*What is needed*: Please give the lines below again exactly as they stand, from the one that contains "9. Sınıf · Matematik" up to and including the one that contains "TYLEX XA18 18W", leaving all pictures out.

*Records to use*:

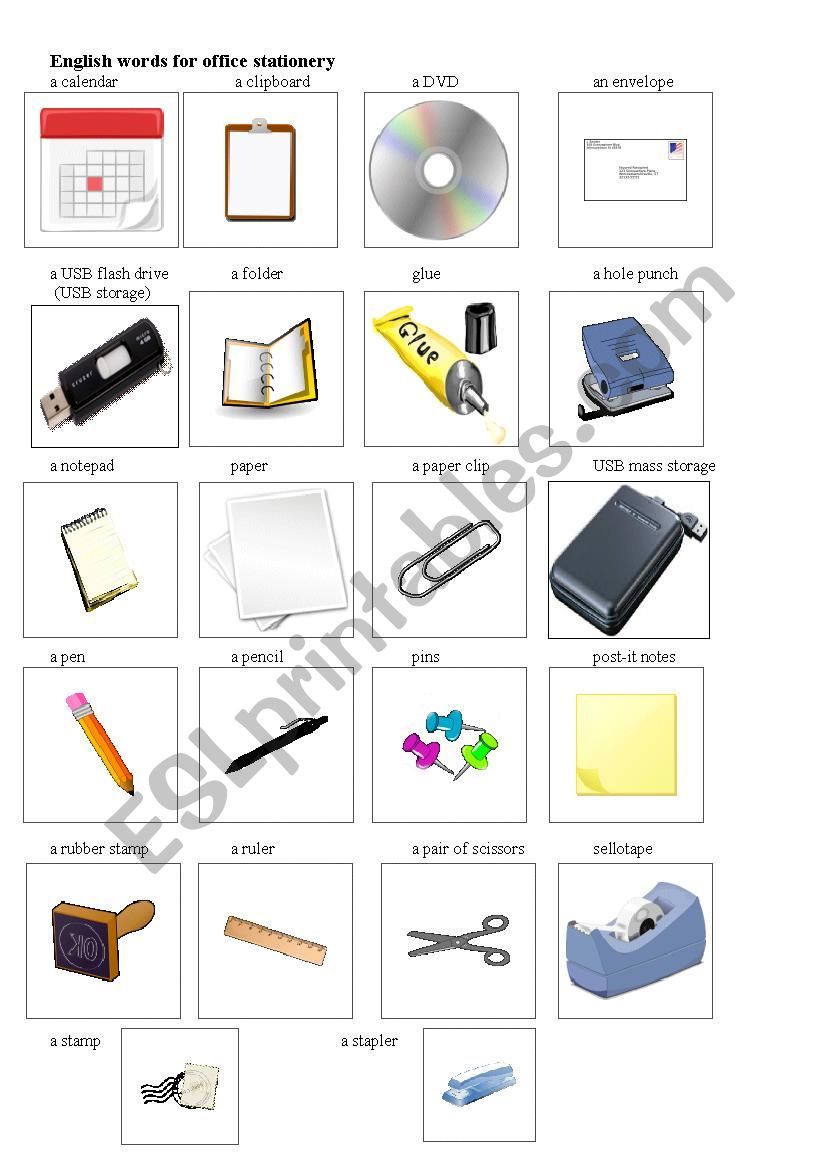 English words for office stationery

* * *

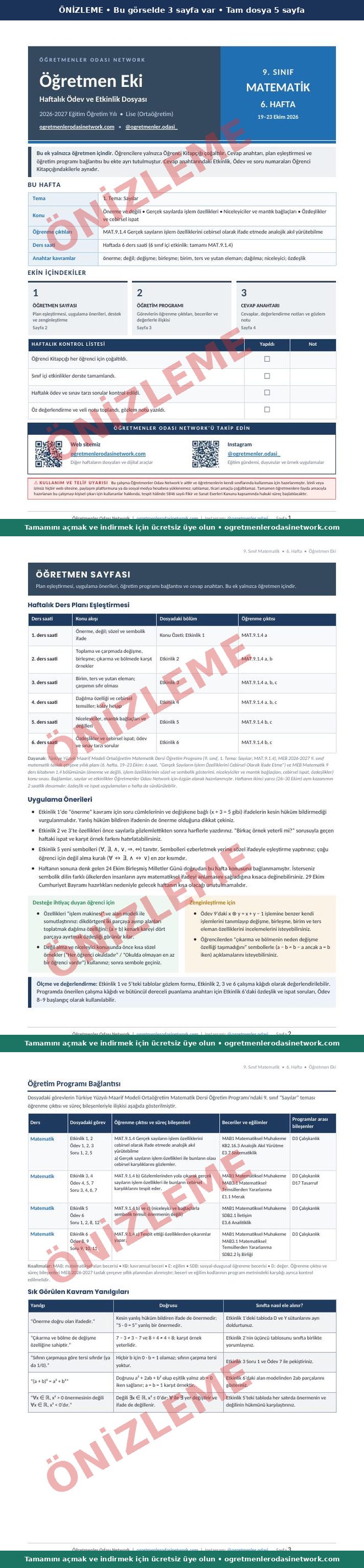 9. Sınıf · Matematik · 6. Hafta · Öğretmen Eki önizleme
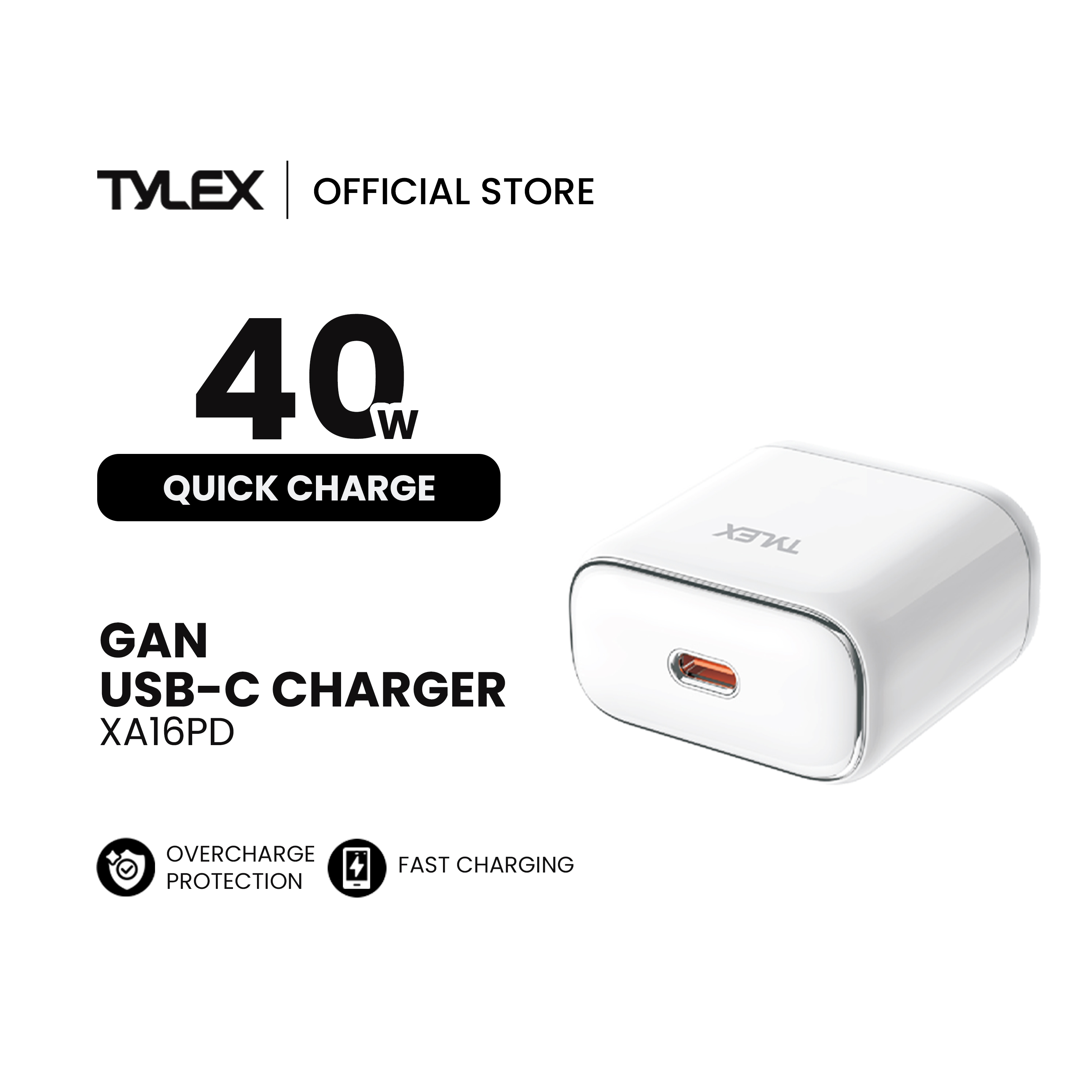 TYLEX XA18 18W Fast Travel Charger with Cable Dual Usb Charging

*Expected answer*:
 9. Sınıf · Matematik · 6. Hafta · Öğretmen Eki önizleme
 TYLEX XA18 18W Fast Travel Charger with Cable Dual Usb Charging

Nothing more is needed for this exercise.